Nonstabilizerness Enhances Thrifty Shadow Estimation

TL;DR

This paper demonstrates that thrifty shadow estimation is effective with 2-design unitaries, and reveals how nonstabilizerness reduces variance, providing new insights and practical methods for quantum state fidelity estimation in NISQ devices.

Contribution

It establishes the effectiveness of thrifty shadow estimation with 2-designs and links nonstabilizerness to variance reduction, introducing a simple circuit for NISQ-era applications.

Findings

Thrifty shadow estimation is effective on average with 2-design unitaries.

Variance inversely correlates with nonstabilizerness of states and observables.

Fidelity estimation variance decreases exponentially with stabilizer 2-Rényi entropy.

Abstract

Shadow estimation is a powerful approach for estimating the expectation values of many observables. Thrifty shadow estimation is a simple variant that is proposed to reduce the experimental overhead by reusing random circuits repeatedly. Although this idea is so simple, its performance is quite elusive. In this work we show that thrifty shadow estimation is effective on average whenever the unitary ensemble forms a 2-design, in sharp contrast with the previous expectation.

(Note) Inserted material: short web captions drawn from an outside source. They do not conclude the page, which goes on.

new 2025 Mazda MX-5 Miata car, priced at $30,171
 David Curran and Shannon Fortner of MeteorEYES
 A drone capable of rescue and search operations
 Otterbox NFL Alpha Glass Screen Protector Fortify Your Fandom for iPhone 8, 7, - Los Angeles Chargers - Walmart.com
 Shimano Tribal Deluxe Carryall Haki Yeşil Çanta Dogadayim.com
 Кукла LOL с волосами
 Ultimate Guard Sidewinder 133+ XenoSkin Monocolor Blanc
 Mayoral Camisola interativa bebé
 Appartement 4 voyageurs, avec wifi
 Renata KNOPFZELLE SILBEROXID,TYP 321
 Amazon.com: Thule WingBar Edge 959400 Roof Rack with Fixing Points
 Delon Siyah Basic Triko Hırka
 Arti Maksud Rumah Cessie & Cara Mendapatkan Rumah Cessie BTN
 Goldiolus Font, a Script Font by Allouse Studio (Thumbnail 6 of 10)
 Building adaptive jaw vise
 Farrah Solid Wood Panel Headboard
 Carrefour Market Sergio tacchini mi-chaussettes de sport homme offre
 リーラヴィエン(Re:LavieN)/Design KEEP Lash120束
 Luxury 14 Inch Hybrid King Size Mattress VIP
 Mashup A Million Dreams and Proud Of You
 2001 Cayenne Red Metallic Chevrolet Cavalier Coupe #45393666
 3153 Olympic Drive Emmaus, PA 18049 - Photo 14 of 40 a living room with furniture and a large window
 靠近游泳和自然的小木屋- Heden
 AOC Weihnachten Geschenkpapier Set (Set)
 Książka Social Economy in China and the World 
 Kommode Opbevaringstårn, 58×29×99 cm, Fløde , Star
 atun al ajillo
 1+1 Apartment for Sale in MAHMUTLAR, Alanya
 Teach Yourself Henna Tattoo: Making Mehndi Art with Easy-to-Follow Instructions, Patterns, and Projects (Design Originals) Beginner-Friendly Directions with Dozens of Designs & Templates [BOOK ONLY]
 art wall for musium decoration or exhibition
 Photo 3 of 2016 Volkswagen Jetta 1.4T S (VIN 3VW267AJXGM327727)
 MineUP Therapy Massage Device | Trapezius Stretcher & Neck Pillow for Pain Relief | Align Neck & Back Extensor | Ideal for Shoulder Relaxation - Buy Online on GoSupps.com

In thrifty shadow estimation based on the Clifford group, the variance is inversely correlated with the degree of nonstabilizerness of the state and observable, which is a key resource in quantum information processing. For fidelity estimation, it decreases exponentially with the stabilizer 2-R\'{e}nyi entropy of the target state, which endows the stabilizer 2-R\'{e}nyi entropy with a clear operational meaning. In addition,we propose a simple circuit to enhance the efficiency, which requires only one layer of $T$ gates and is particularly appealing in the NISQ era.